[Opening Data excerpt section]

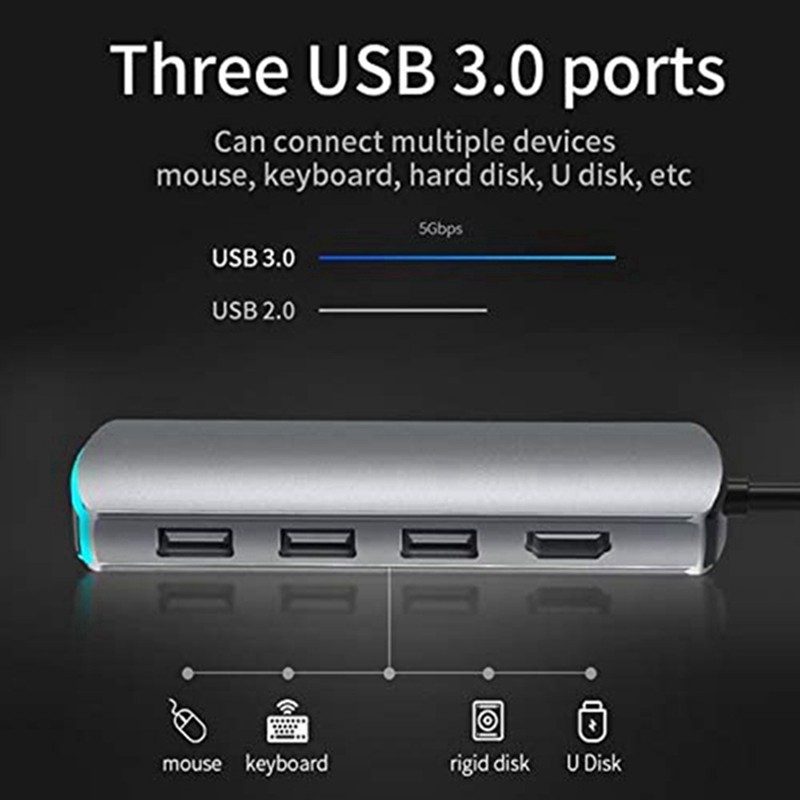 Dock Chuyển Đổi Cổng Type-C Sang Hdmi Vga Pd Usb 8 Trong 1 | BigBuy360 - bigbuy360.vn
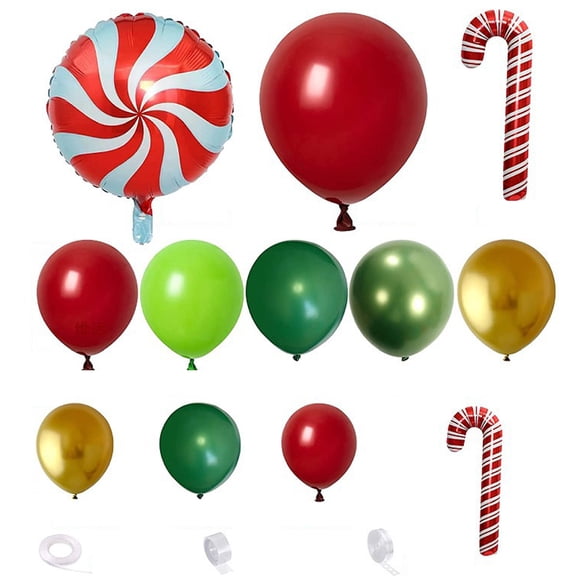 Christmas Balloons, Santa Claus Balloons for Christmas Balloon Garland, Xmas Holiday Christmas Party Decorations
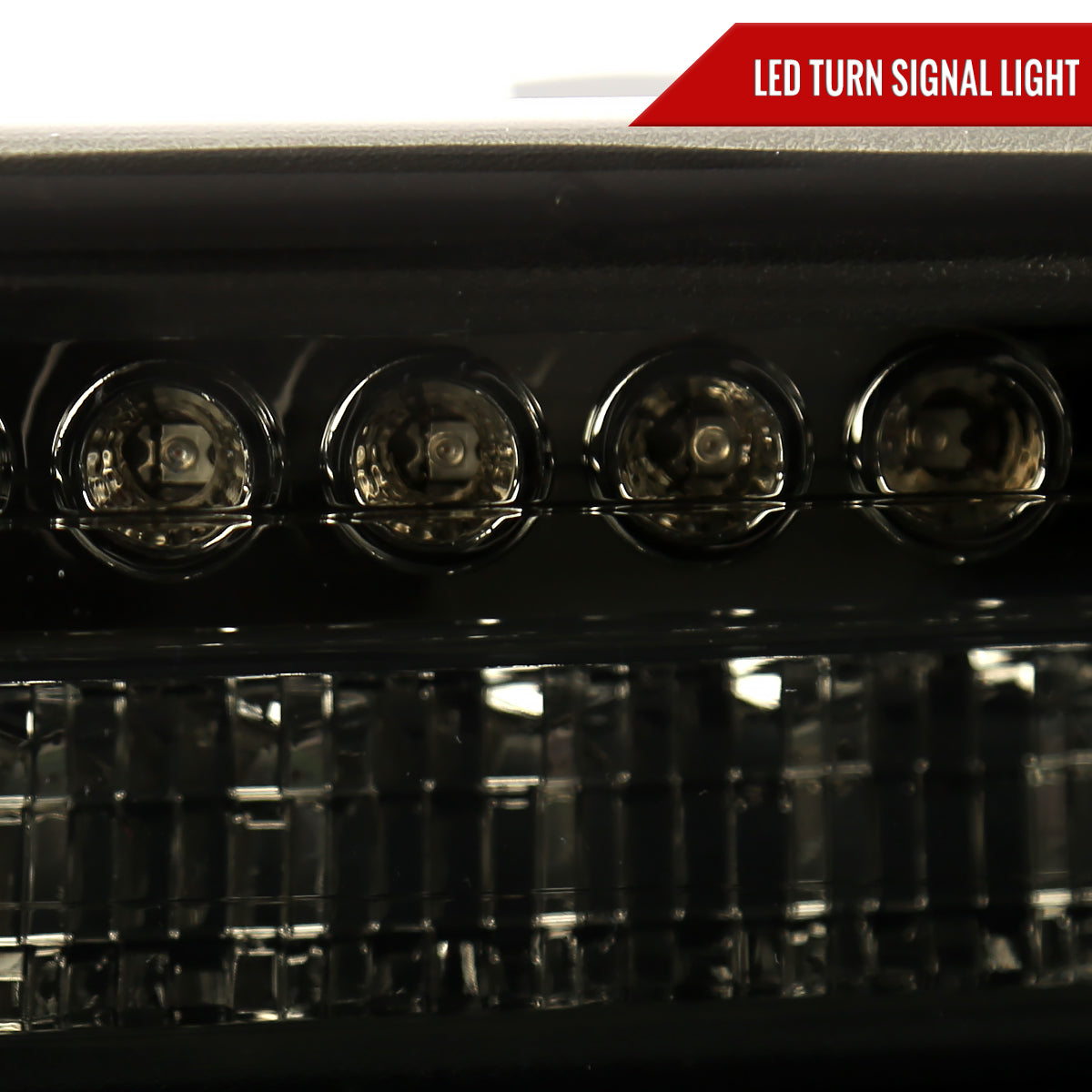 1999-2002 Chevrolet Silverado/ 2000-2006 Suburban/Tahoe Factory Style Headlights with LED Bumper Corner Signal Lights (Chrome Housing/Smoked Lens)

[Closing Data excerpt section]

Exercise aim:
Give back an exact copy of the material above, omitting the pictures.

Result of the exercise:
 Dock Chuyển Đổi Cổng Type-C Sang Hdmi Vga Pd Usb 8 Trong 1 | BigBuy360 - bigbuy360.vn
 Christmas Balloons, Santa Claus Balloons for Christmas Balloon Garland, Xmas Holiday Christmas Party Decorations
 1999-2002 Chevrolet Silverado/ 2000-2006 Suburban/Tahoe Factory Style Headlights with LED Bumper Corner Signal Lights (Chrome Housing/Smoked Lens)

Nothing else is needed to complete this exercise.